Same Birds From a Different Perspective

Warning: A long post today, and it is birds again, for those that do not share my interest in the subject.

The Setup
The Setup

With a limited variety of avian subjects available at my site, I thought I might try something new and go for a new perspective to add a little something different to my images. So I borrowed Sam’s quilt and pillow from the back of the Prius, pulled a dinette cushion from the motorhome, and tried to make as comfortable a setup as possible for myself on the concrete pad at my campsite. This to give me a new, lower, and hopefully more interesting perspective on my feathered friends. Note my trusty slingshot on the picnic table bench, more on that later.

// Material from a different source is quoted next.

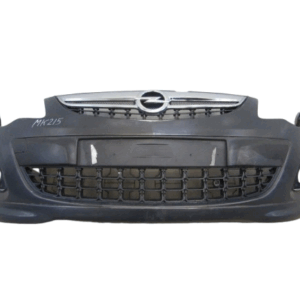 Bumper Opel Corsa D OPC Line FACELIFT 11-14 13285996 Voorbumper MK215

The Cleanup Crew ( Javelinas )
The Cleanup Crew ( Javelinas )

What I had failed to consider when I decided to go this route were my neighbors, the parks’ resident javelina population. These guys have been coming in to clean up all the leftover seed on the ground since the first day I set up my feeding station. As soon as I stop shooting for the day, I take in all the feeders, since the javelinas have no problem knocking over the posts that may hold feeders or standing on their hind legs to get at feeders in the bushes or the lower branches of the short trees around the perimeter of the feeding area.

Javelina Mom and Young
Javelina Mom and Young

For the most part, the females and their young have been no real threat and after a few warning shots of pebbles from the slingshot, they have been easily discouraged  from entering the yard while I am photographing.

Javelina
Javelina

However, there are a couple large boars who are a bit more aggressive and tend to take objection to my training methods ( slingshot ). On a couple of occasions , these fellows have not only stood their ground, but have aggressively challenged me after I had attempted to dissuade them from feeding while I was photographing the birds. They have bluff charged me, snapping and popping their gums, only stopping about fifteen feet away from where I was standing ( which, by the way, was with the picnic table between us and I within arms length of my open motorhome door, after all I may not be wise, but I’m not stupid ), so these guys have gotten my heart pumping on a couple of occasions.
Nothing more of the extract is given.